LiTEx Taxonomy: NLI Explanation Framework
- LiTEx Taxonomy is a hierarchical framework categorizing NLI free-text explanations into Text-Based and World Knowledge reasoning types.
- It was empirically developed using extensive annotation of the e-SNLI corpus, achieving high inter-annotator reliability with detailed guidelines.
- Practical insights include improved explanation generation and deeper analysis of within-label variation in Natural Language Inference tasks.
LiTEx Taxonomy refers to a linguistically informed taxonomy for categorizing free-text explanations in the Natural Language Inference (NLI) task, with a central focus on capturing the diversity and nuance in annotators’ reasoning strategies—even when their final NLI label (entailment, contradiction, or neutral) is the same. Developed in response to observed Human Label Variation (HLV) and, more specifically, within-label variation, LiTEx provides a structured, validated framework for decomposing and analyzing the rationales behind NLI decisions, facilitating both qualitative paper and improvements in automated explanation generation (Hong et al., 28 May 2025, Hong et al., 18 Oct 2025).

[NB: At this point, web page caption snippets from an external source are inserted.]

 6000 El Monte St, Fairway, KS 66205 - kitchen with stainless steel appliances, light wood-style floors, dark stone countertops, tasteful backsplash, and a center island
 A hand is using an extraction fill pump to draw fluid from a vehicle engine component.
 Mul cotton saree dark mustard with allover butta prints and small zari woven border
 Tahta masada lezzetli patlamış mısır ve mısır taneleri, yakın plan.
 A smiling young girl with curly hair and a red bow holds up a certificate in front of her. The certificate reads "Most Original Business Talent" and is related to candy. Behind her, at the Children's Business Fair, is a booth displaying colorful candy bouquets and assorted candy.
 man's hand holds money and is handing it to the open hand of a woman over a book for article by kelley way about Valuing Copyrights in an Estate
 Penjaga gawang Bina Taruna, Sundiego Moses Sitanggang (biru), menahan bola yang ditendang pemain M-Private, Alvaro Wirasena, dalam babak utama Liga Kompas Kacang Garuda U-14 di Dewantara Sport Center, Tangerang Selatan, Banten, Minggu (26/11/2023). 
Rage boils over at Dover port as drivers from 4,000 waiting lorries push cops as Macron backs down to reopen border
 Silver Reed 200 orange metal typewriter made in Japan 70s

1. Structural Definition of the LiTEx Taxonomy
LiTEx is defined as a hierarchical, linguistically guided categorization for free-text NLI explanations, partitioned into two principal superordinate classes: Text-Based (TB) and World Knowledge-Based (WK) reasoning. The taxonomy was empirically developed and validated via extensive annotation of the e-SNLI corpus, focusing exclusively on annotators’ free-text rationales rather than surface-level highlight spans or coarse NLI item categories.
LiTEx Category Structure:
| Superordinate Type | Subcategories |
|---|---|
| Text-Based (TB) | Coreference, Syntactic, Semantic, Pragmatic, Absence of Mention, Logical Conflict |
| World Knowledge (WK) | Factual Knowledge, Inferential Knowledge |
- Coreference: Focused on referent resolution within the sentence.
- Syntactic: Pertaining to structural transformations that preserve meaning (e.g., active/passive alternation).

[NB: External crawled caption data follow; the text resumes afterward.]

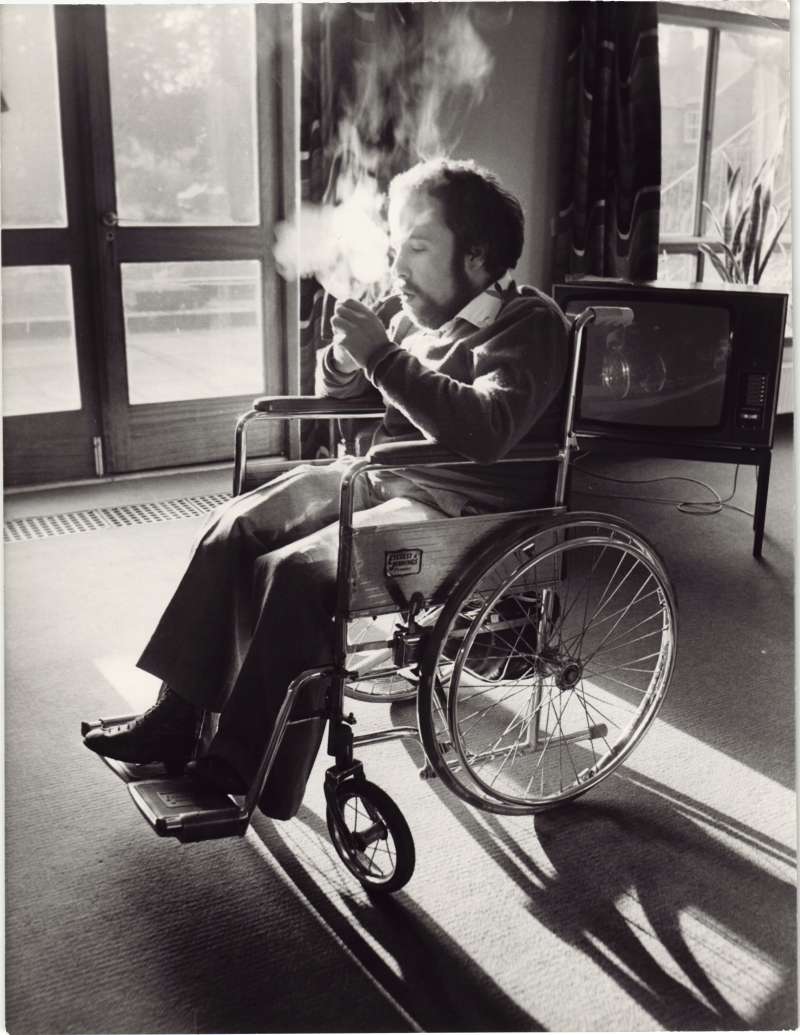 Man in a wheelchair lighting his pipe, caught in a shaft of sunlight through a glass door
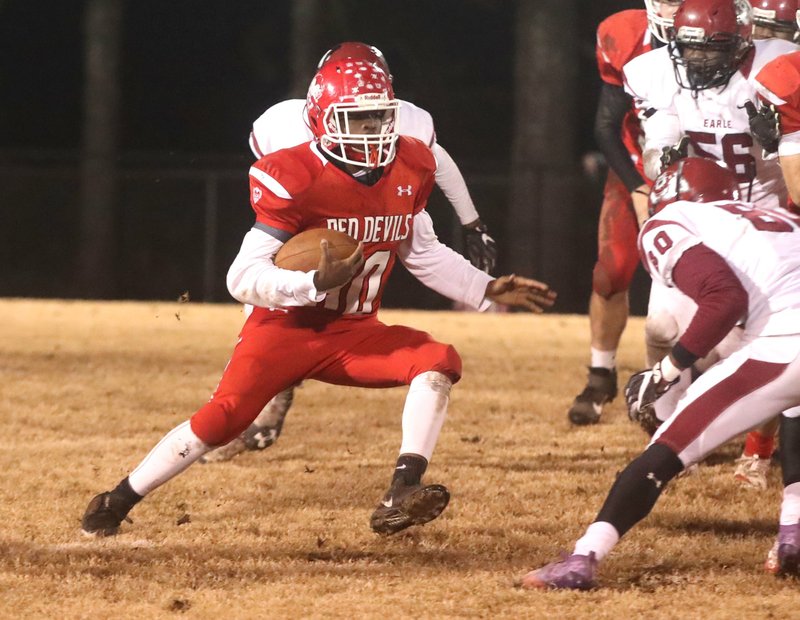 Mountain Pine's Jeremiah Walker (30) runs the ball against Earle at Stanley May Field Friday. The Red Devils finished their season with a record of 6-5 after the 16-14 loss in the first round of the Class 2A state football playoffs. - Photo by Richard Rasmussen of The Sentinel-Record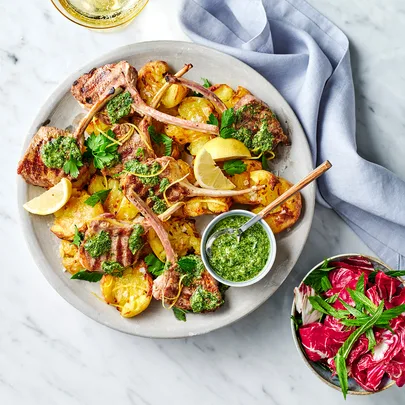 Lamb scottadito with mint salsa verde and roast crushed potatoes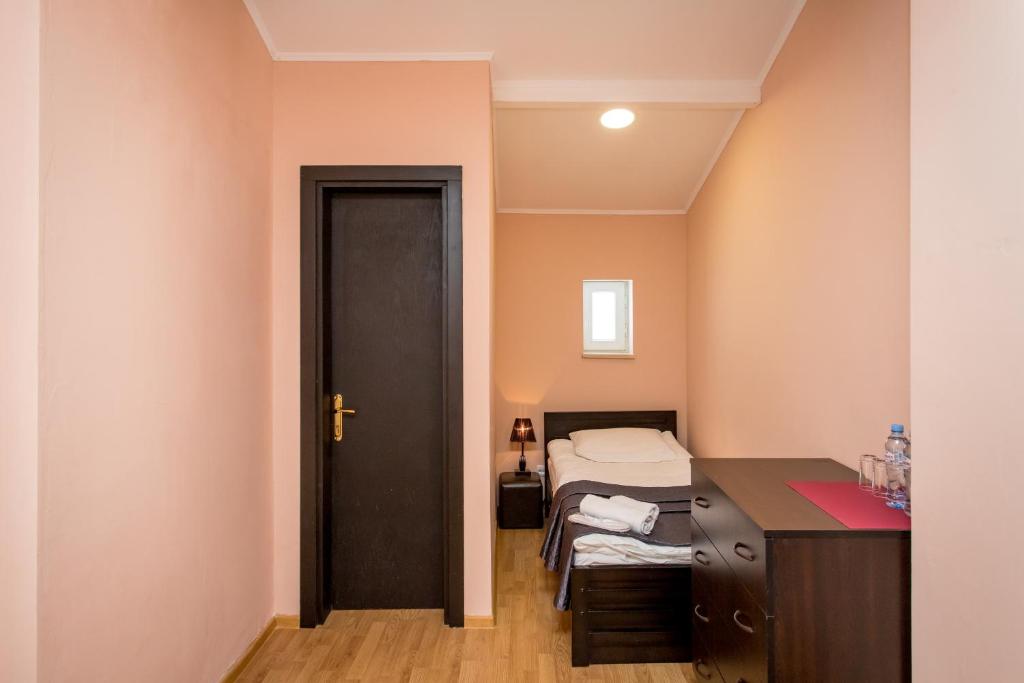 Postel nebo postele na pokoji v ubytování Hotel VERANDA
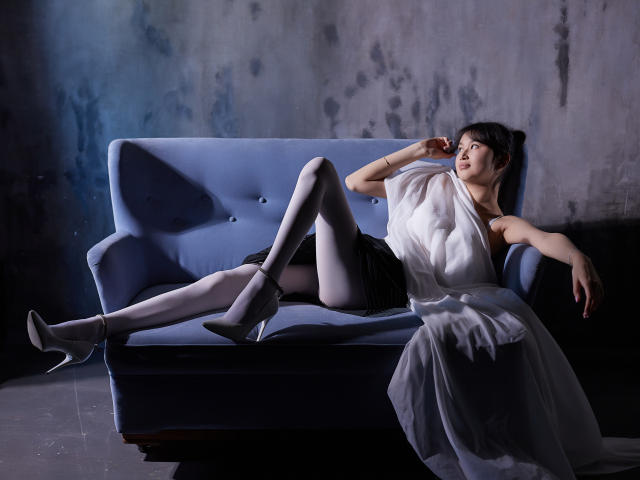 Sheila, peau pâle, cheveux noirs, chemisier blanc, short noir, collants gris, talons blancs, allongée sur un canapé bleu, bras droit levé, jambe gauche tendue, robe blanche drapée..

- Semantic: Involving lexical-semantic relations (synonymy, antonymy, entailment).
- Pragmatic: Based on conversational implicatures or presuppositions.
- Absence of Mention: Attributing the decision to a missing element in the premise/hypothesis.
- Logical Conflict: Direct reference to incompatible or contradictory logical structures.
- Factual Knowledge: Invokes general, commonly held external knowledge.
- Inferential Knowledge: Relies on context-dependent or culturally conditioned inferences.
This fine-grained classification supports the explicit mapping of each explanation segment to a unique reasoning type, with categories operationalized via specific annotation guidelines and decision criteria.
2. Human Label Variation and the Motivation for LiTEx
HLV is pervasive in NLI: annotators given the same premise–hypothesis pair often assign different labels, reflecting both the inherent linguistic ambiguity and the pluralism of plausible reasoning. Crucially, LiTEx’s primary motivation is to address within-label variation—the phenomenon whereby annotators agree on the final label but provide explanations that differ fundamentally in reasoning type. Conventional resources (e.g., e-SNLI) provide highlight spans that may conflate or obscure these differences, as the identical span might serve distinct rationales for different annotators.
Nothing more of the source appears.